Source material section start

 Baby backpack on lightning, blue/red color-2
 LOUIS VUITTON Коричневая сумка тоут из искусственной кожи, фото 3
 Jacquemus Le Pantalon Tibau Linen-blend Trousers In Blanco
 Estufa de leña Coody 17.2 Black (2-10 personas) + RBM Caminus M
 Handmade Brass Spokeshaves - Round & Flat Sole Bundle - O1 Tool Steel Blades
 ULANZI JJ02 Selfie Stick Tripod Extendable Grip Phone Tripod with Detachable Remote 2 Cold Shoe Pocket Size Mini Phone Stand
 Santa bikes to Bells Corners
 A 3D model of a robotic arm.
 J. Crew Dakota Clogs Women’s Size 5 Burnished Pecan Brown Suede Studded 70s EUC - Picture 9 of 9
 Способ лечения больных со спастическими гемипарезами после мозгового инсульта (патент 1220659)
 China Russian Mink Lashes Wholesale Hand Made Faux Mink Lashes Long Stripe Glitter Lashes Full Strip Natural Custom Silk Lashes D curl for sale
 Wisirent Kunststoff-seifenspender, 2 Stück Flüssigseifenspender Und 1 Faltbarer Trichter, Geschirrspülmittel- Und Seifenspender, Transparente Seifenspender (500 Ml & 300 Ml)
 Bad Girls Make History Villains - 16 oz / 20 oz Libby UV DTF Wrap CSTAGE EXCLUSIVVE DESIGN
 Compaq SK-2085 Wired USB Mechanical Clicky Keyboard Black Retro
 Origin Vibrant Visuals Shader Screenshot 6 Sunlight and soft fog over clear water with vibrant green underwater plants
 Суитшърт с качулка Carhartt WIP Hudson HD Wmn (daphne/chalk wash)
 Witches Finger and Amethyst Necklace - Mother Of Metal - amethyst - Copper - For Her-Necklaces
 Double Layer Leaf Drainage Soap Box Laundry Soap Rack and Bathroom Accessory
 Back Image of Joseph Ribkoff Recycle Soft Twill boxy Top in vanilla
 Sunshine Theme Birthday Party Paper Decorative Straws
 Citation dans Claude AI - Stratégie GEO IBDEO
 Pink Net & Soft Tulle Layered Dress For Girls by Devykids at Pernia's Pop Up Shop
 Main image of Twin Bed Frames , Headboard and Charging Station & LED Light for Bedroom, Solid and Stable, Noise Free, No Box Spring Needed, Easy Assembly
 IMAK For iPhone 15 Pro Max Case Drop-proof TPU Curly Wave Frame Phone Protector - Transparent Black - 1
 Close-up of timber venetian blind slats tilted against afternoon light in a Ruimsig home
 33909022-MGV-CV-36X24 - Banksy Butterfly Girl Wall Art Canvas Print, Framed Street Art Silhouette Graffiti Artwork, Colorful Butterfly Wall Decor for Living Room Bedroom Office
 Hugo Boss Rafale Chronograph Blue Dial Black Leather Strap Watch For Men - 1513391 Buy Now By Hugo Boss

Source material section end

Exactly as shown above, copy out the material.

**Solution for this problem**
 Baby backpack on lightning, blue/red color-2
 LOUIS VUITTON Коричневая сумка тоут из искусственной кожи, фото 3
 Jacquemus Le Pantalon Tibau Linen-blend Trousers In Blanco
 Estufa de leña Coody 17.2 Black (2-10 personas) + RBM Caminus M
 Handmade Brass Spokeshaves - Round & Flat Sole Bundle - O1 Tool Steel Blades
 ULANZI JJ02 Selfie Stick Tripod Extendable Grip Phone Tripod with Detachable Remote 2 Cold Shoe Pocket Size Mini Phone Stand
 Santa bikes to Bells Corners
 A 3D model of a robotic arm.
 J. Crew Dakota Clogs Women’s Size 5 Burnished Pecan Brown Suede Studded 70s EUC - Picture 9 of 9
 Способ лечения больных со спастическими гемипарезами после мозгового инсульта (патент 1220659)
 China Russian Mink Lashes Wholesale Hand Made Faux Mink Lashes Long Stripe Glitter Lashes Full Strip Natural Custom Silk Lashes D curl for sale
 Wisirent Kunststoff-seifenspender, 2 Stück Flüssigseifenspender Und 1 Faltbarer Trichter, Geschirrspülmittel- Und Seifenspender, Transparente Seifenspender (500 Ml & 300 Ml)
 Bad Girls Make History Villains - 16 oz / 20 oz Libby UV DTF Wrap CSTAGE EXCLUSIVVE DESIGN
 Compaq SK-2085 Wired USB Mechanical Clicky Keyboard Black Retro
 Origin Vibrant Visuals Shader Screenshot 6 Sunlight and soft fog over clear water with vibrant green underwater plants
 Суитшърт с качулка Carhartt WIP Hudson HD Wmn (daphne/chalk wash)
 Witches Finger and Amethyst Necklace - Mother Of Metal - amethyst - Copper - For Her-Necklaces
 Double Layer Leaf Drainage Soap Box Laundry Soap Rack and Bathroom Accessory
 Back Image of Joseph Ribkoff Recycle Soft Twill boxy Top in vanilla
 Sunshine Theme Birthday Party Paper Decorative Straws
 Citation dans Claude AI - Stratégie GEO IBDEO
 Pink Net & Soft Tulle Layered Dress For Girls by Devykids at Pernia's Pop Up Shop
 Main image of Twin Bed Frames , Headboard and Charging Station & LED Light for Bedroom, Solid and Stable, Noise Free, No Box Spring Needed, Easy Assembly
 IMAK For iPhone 15 Pro Max Case Drop-proof TPU Curly Wave Frame Phone Protector - Transparent Black - 1
 Close-up of timber venetian blind slats tilted against afternoon light in a Ruimsig home
 33909022-MGV-CV-36X24 - Banksy Butterfly Girl Wall Art Canvas Print, Framed Street Art Silhouette Graffiti Artwork, Colorful Butterfly Wall Decor for Living Room Bedroom Office
 Hugo Boss Rafale Chronograph Blue Dial Black Leather Strap Watch For Men - 1513391 Buy Now By Hugo Boss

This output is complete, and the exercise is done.